### WHAT IS EXPECTED
Directions for the data below: repeat exactly the lines from the one with "Aloha Apartments" through the one with "Tracey Bardot Spot", both included, and omit all pictures.

[Brief descriptive captions]
########################################
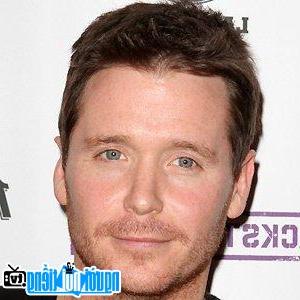 A New Picture of Kevin Connolly- Famous New York TV Actor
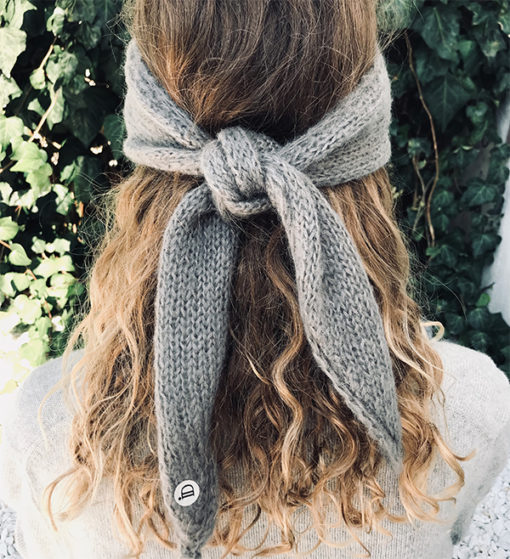 Le headband MON LOU gris souris de la collection hiver Protège-Moi se place sur le front et se noue derrière la tête. 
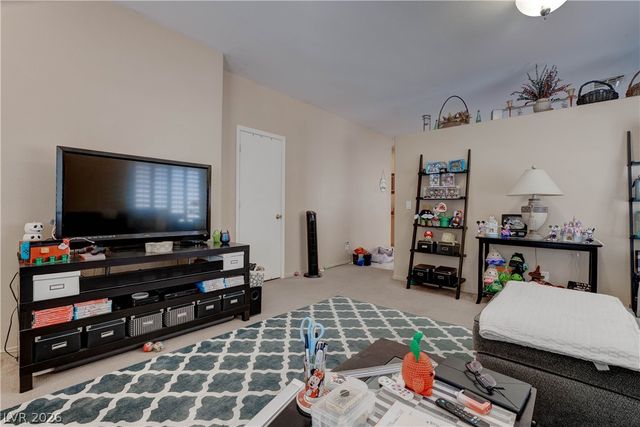 3802 Nestled Oak Avenue, North Las Vegas, NV 89031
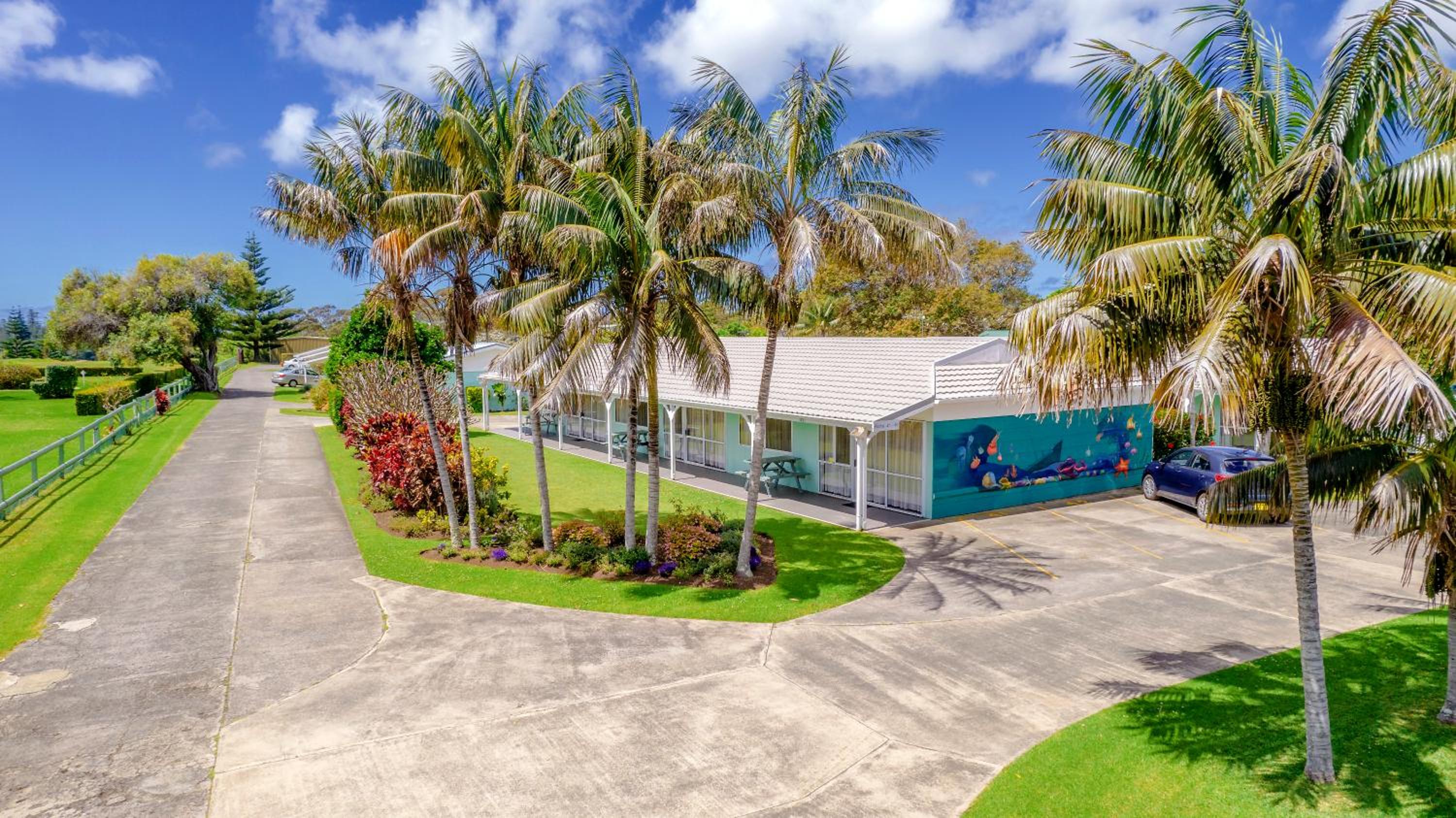 Aloha Apartments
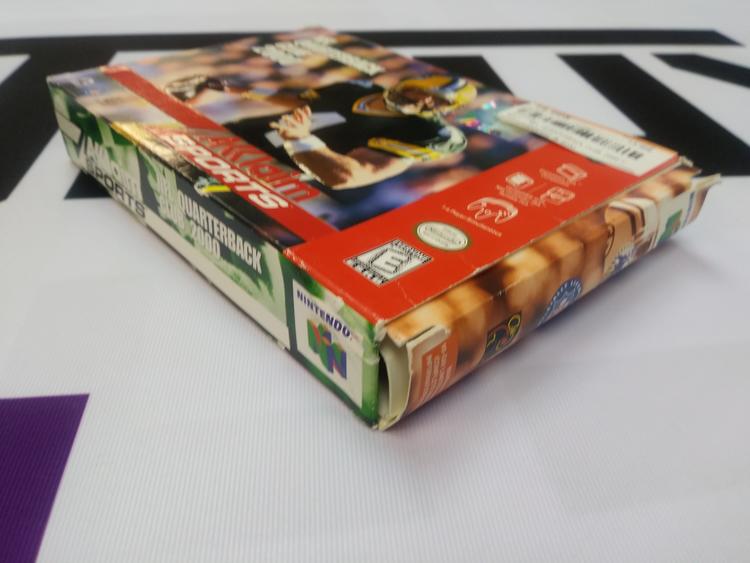 NFL QUARTERBACK CLUB 2000 (COMPLETE IN BOX) (usagé)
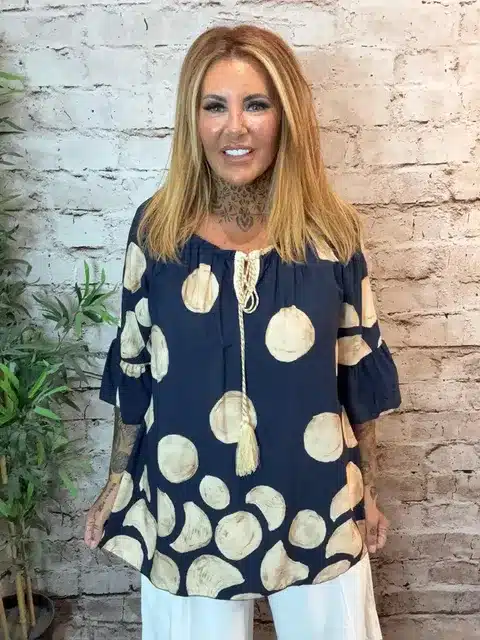 Tracey Bardot Spot best fits Top 14-22 - Image 3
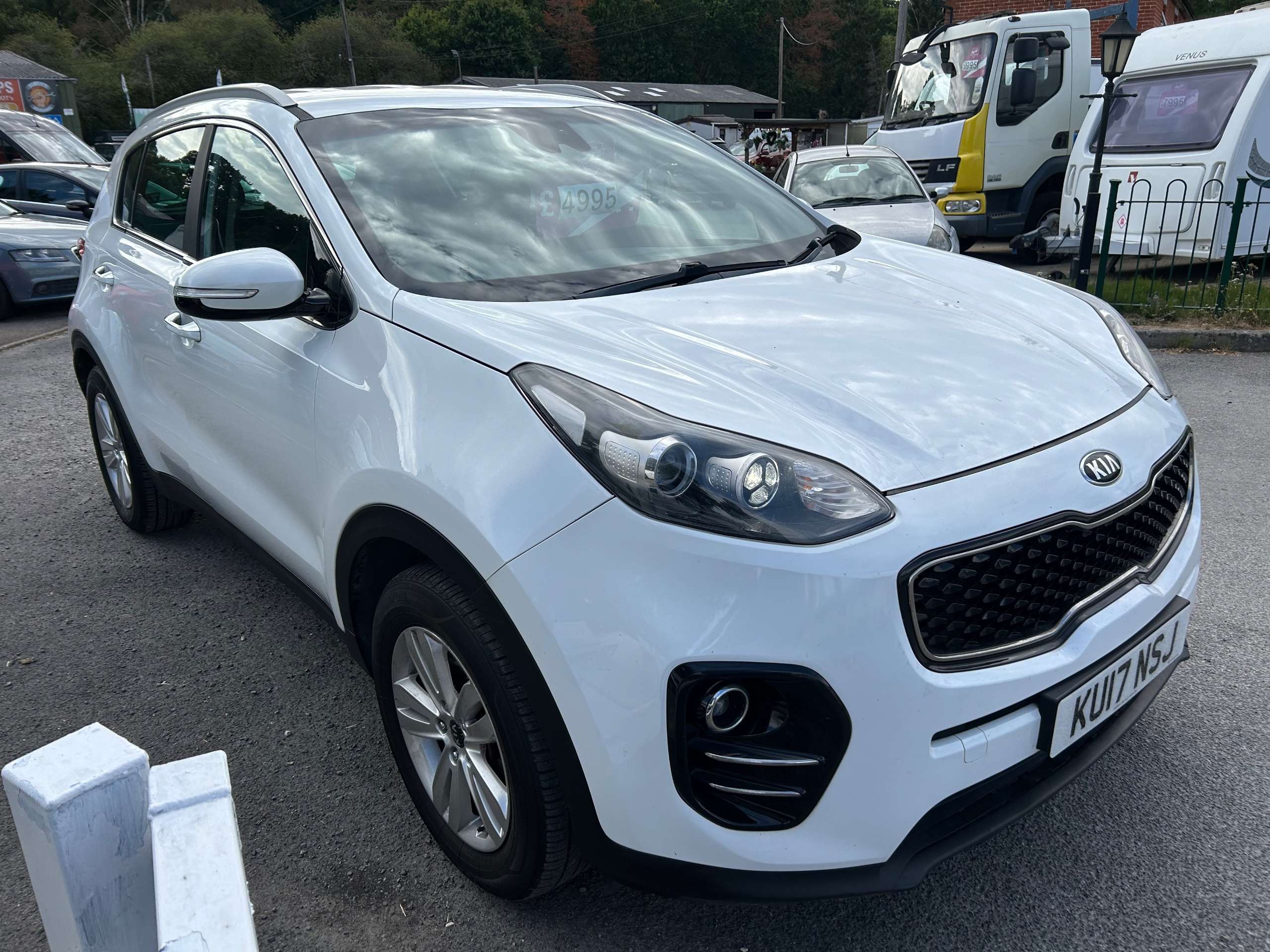 A 2017 KIA SPORTAGE 1.7 CRDi 2 SUV 5dr Diesel Manual Euro 6 (s/s) (114 bhp) A 2017 KIA SPORTAGE 1.7 CRDi 2 SUV 5dr Diesel Manual Euro 6 (s/s) (114 bhp)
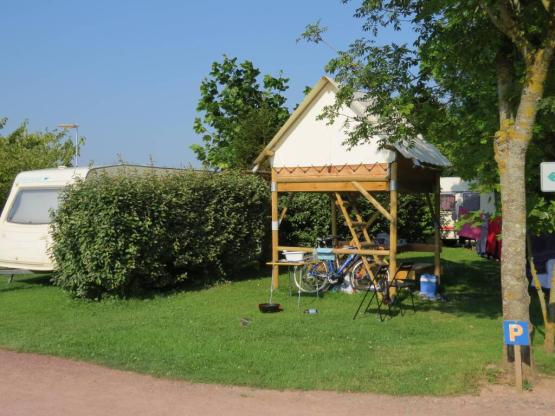 Zelt Bivouac auf Pfählen STANDARD 5m² - 1 Zimmer - ohne sanitärausstattung - ohne Strom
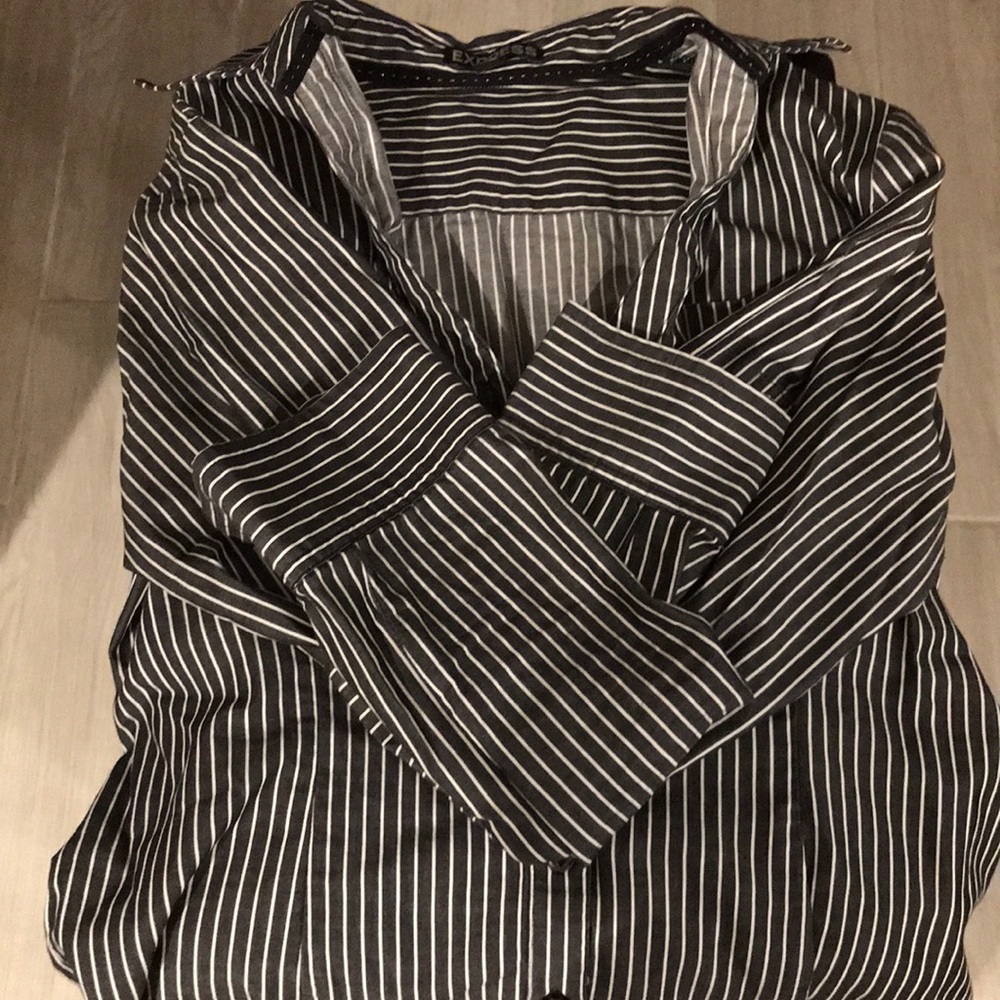 Express Essential Shirt - Picture 2 of 3
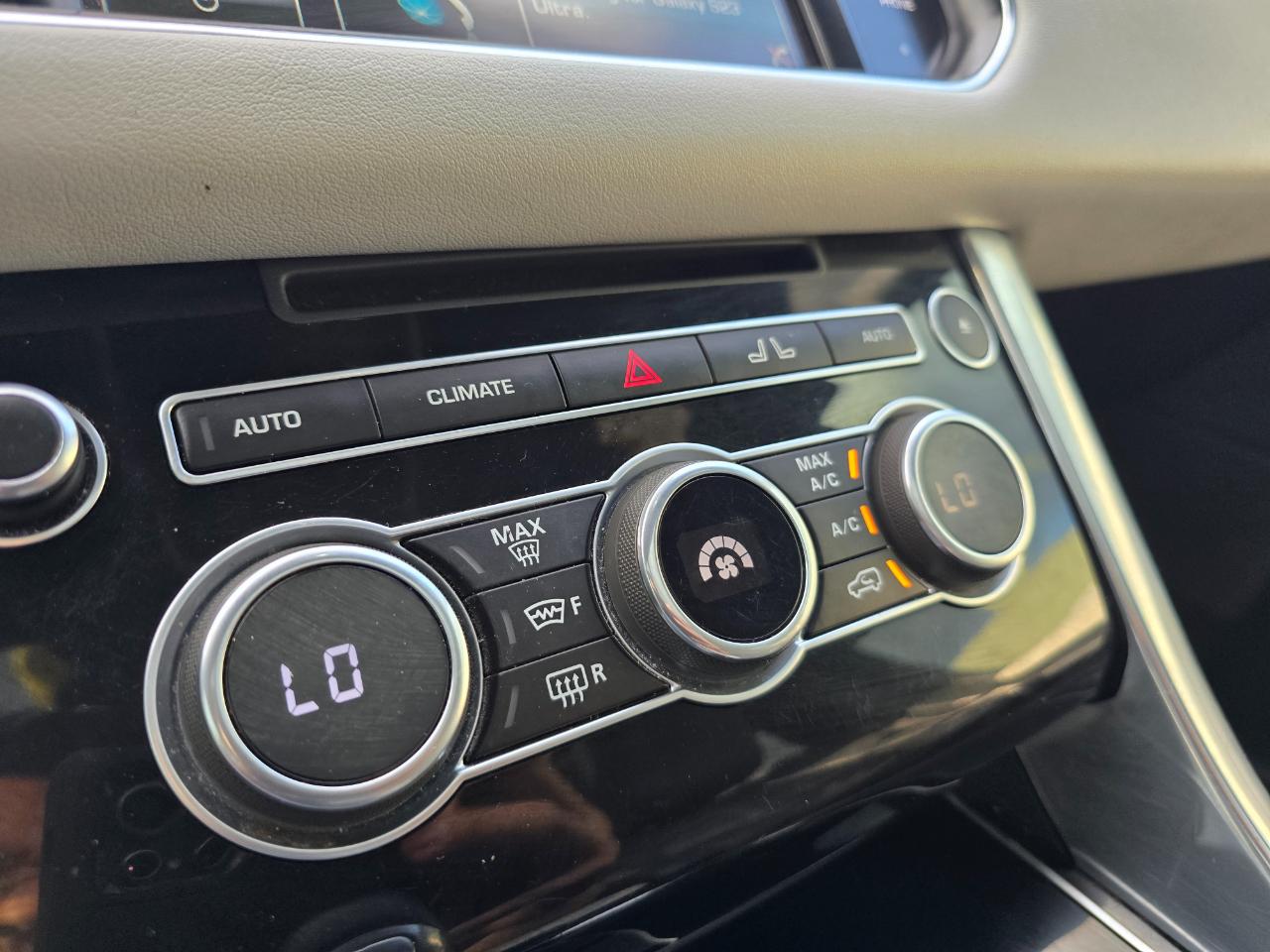 Land Rover Range Rover Sport 4WD 4dr HSE 2014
########################################
### RESULT OF THIS TASK
 Aloha Apartments
 NFL QUARTERBACK CLUB 2000 (COMPLETE IN BOX) (usagé)
 Tracey Bardot Spot best fits Top 14-22 - Image 3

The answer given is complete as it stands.